Scientists confirm fears over carbon copy babies
30 August 2000
Scientists confirm fears over carbon-copy babies Westminster, 30 August, 2000--A survey of medical scientists has confirmed pro-life activists' fears that cloned human babies will become a reality in the near future. Most respondents to the survey, published in today's Independent, agreed that the introduction of cloning for spare body-parts would mean that cloning for reproductive purposes would follow shortly.
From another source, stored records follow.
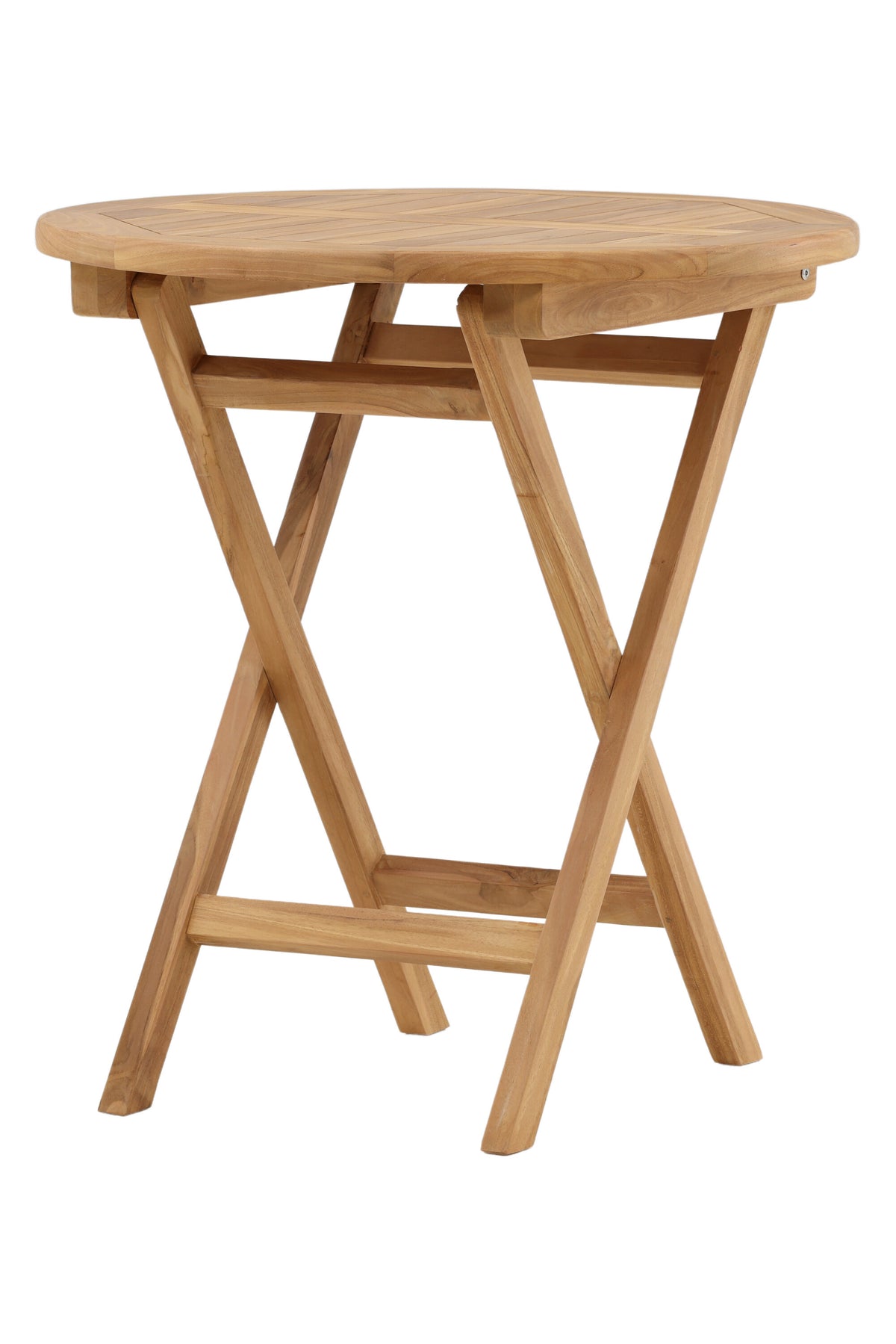 Kenya Coffee Tisch Outdoor in Natur präsentiert im Onlineshop von KAQTU Design AG. Beistelltisch Outdoor ist von Venture Home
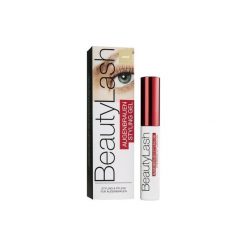 Beautylash Rzęs I Brwi Żel Do Stylizacji (Żel Do Stylizacji) 6 Ml (Cień Sand). Kosmetyki do brwi marki Beautylash. W wyprzedaży za 52.00 zł.
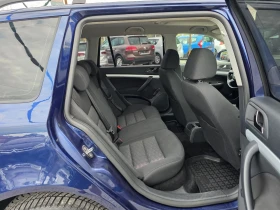 Skoda Octavia 1.6 TDI 105 К.С. 4Х4 6 СКОРОСТИ / НАВИГАЦИЯ - 8399 лв. - 33924066 11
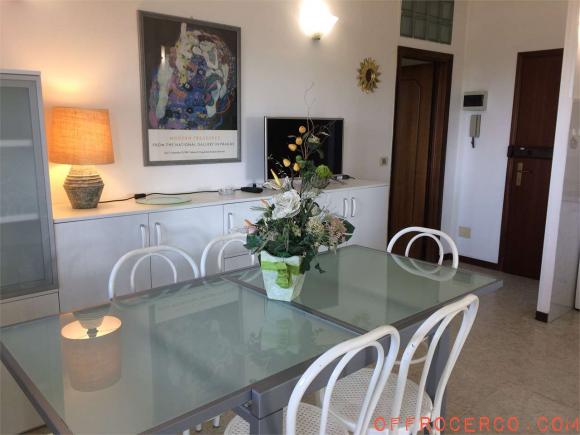 Appartamento (Milano Marittima) 74mq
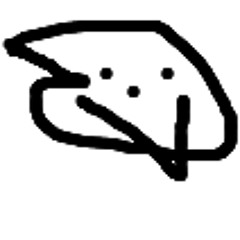 chid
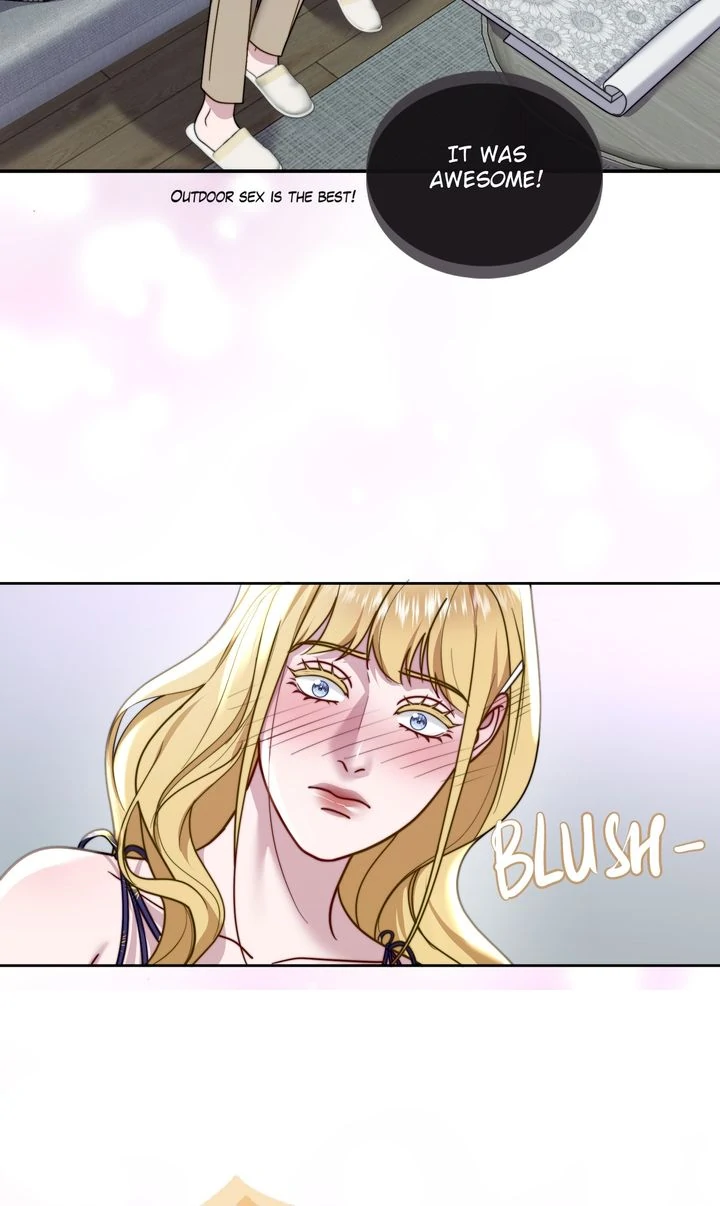 ch 38 36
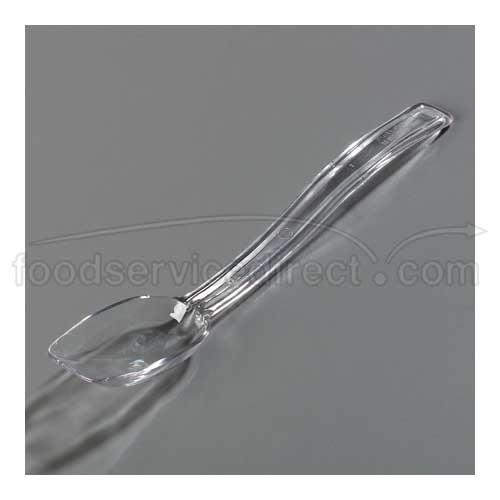 Product gallery 698557663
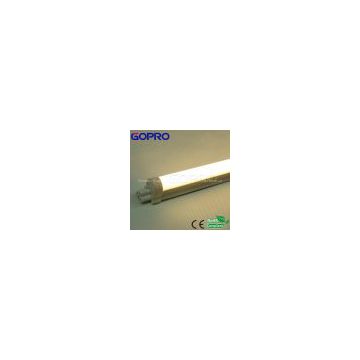 E27 LED Bulb GPB107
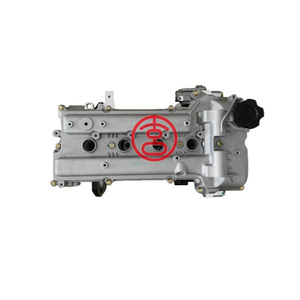 Milexuan oto motor parçası 1.5 L2C motor uzun blok Baojun 630 WULING HONGGUANG 1.5L dizel motor için - Product Image 5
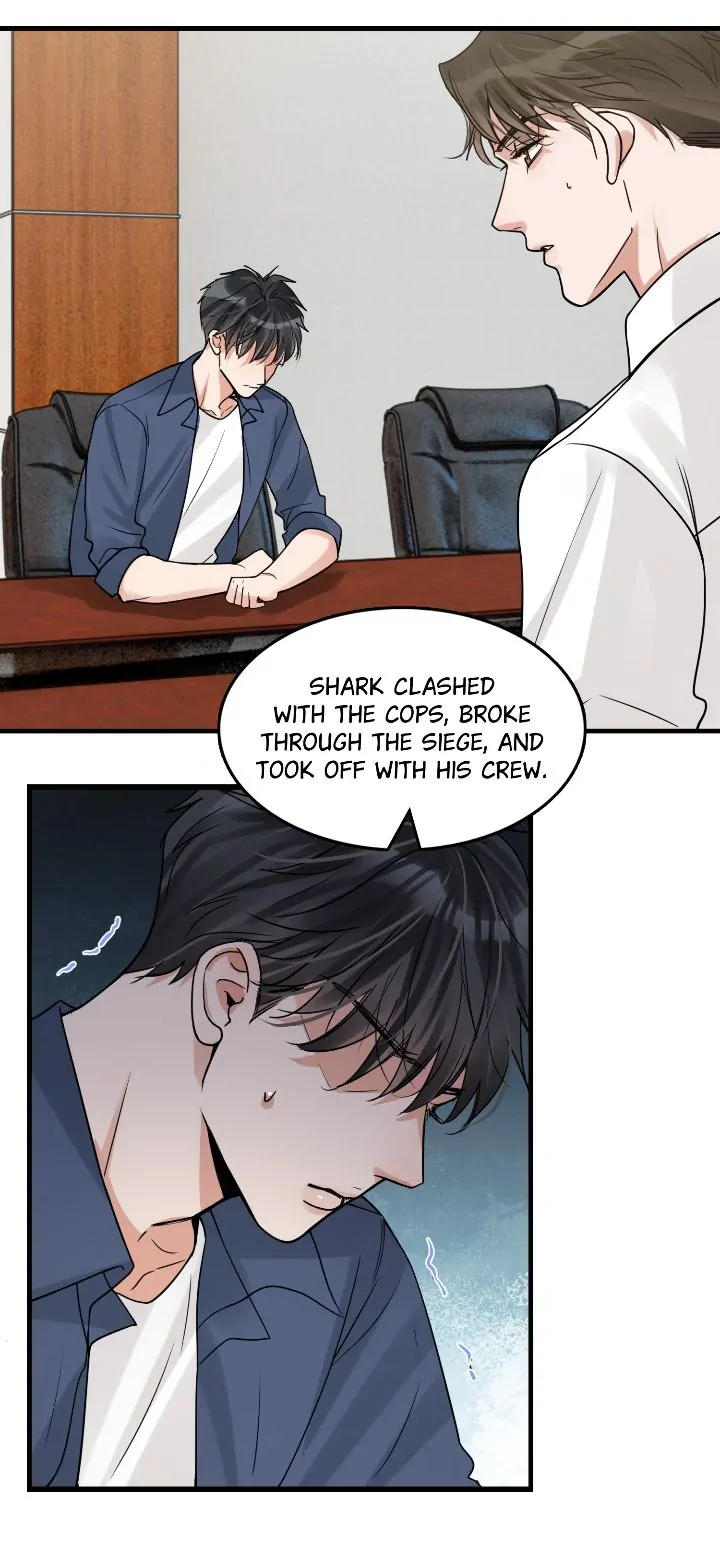 Manga page 24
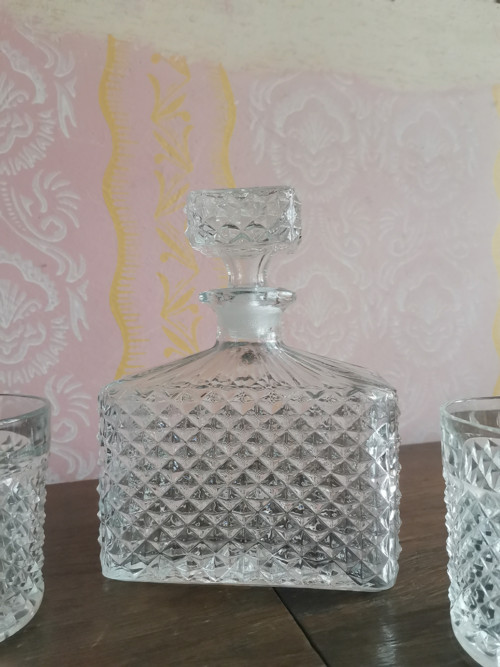 Whisky set — foto 4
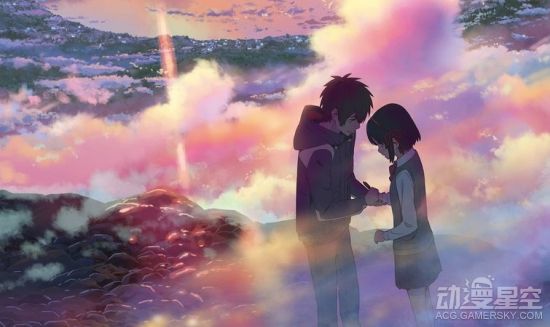 太阳成集团tyc7111cc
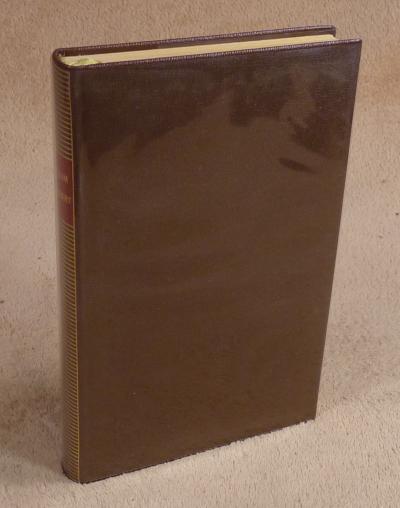 LA PLEIADE : ALBUM FLAUBERT - 1972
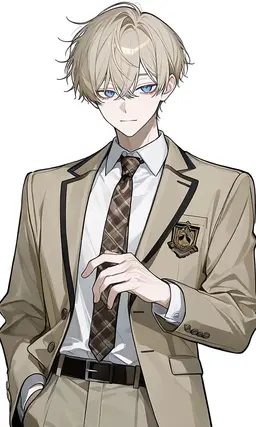 Profile image of 光希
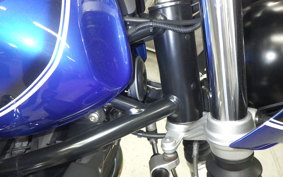BMW R NINE T 2020
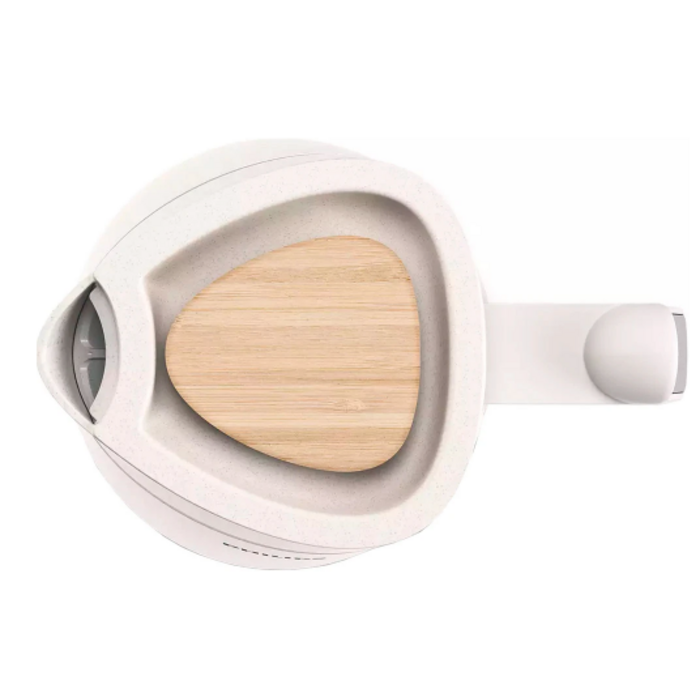 Электрочайник Philips HD9365/10 (6806401)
Paul Tully, general secretary of the Society for the Protection of Unborn Children, said: "Once you allow cloning techniques to be conducted to generate embryos in the laboratory, someone will want to bring a clone to birth. This shows the Donaldson committee's glossy report-welcomed by the Government last week-to be a fiasco. The proposal to allow research into human cloning to go ahead, but to ban the birth of cloned babies, appears in the light of this survey to be an elaborate sham." In May, SPUC had said: "Despite current assurances from scientists that such cloning is not on the agenda, it would be impossible to prevent all proliferation of technology to less scrupulous countries and individuals. Many complications and problems would then result." (press release, 16 May 2000) Mr. Tully went on to say: "This survey demonstrates the contempt that the pro-cloning scientists and politicians have for public opinion. They know that public opinion, both domestic and international, is strongly opposed to human cloning and they are trying to soften it up. All forms of human cloning involve undermining human dignity and are unacceptable. We are equally opposed to cloning for research and other purposes, but this survey confirms our fears about the intentions of scientists. Reproductive cloning could have disturbing effects on the whole of society." SPUC has called for the withdrawal of the British Government's acceptance of the Donaldson report which recommends that human cloning be allowed. It will be writing to opposition MPs to brief them on the government's legislative intentions on cloning.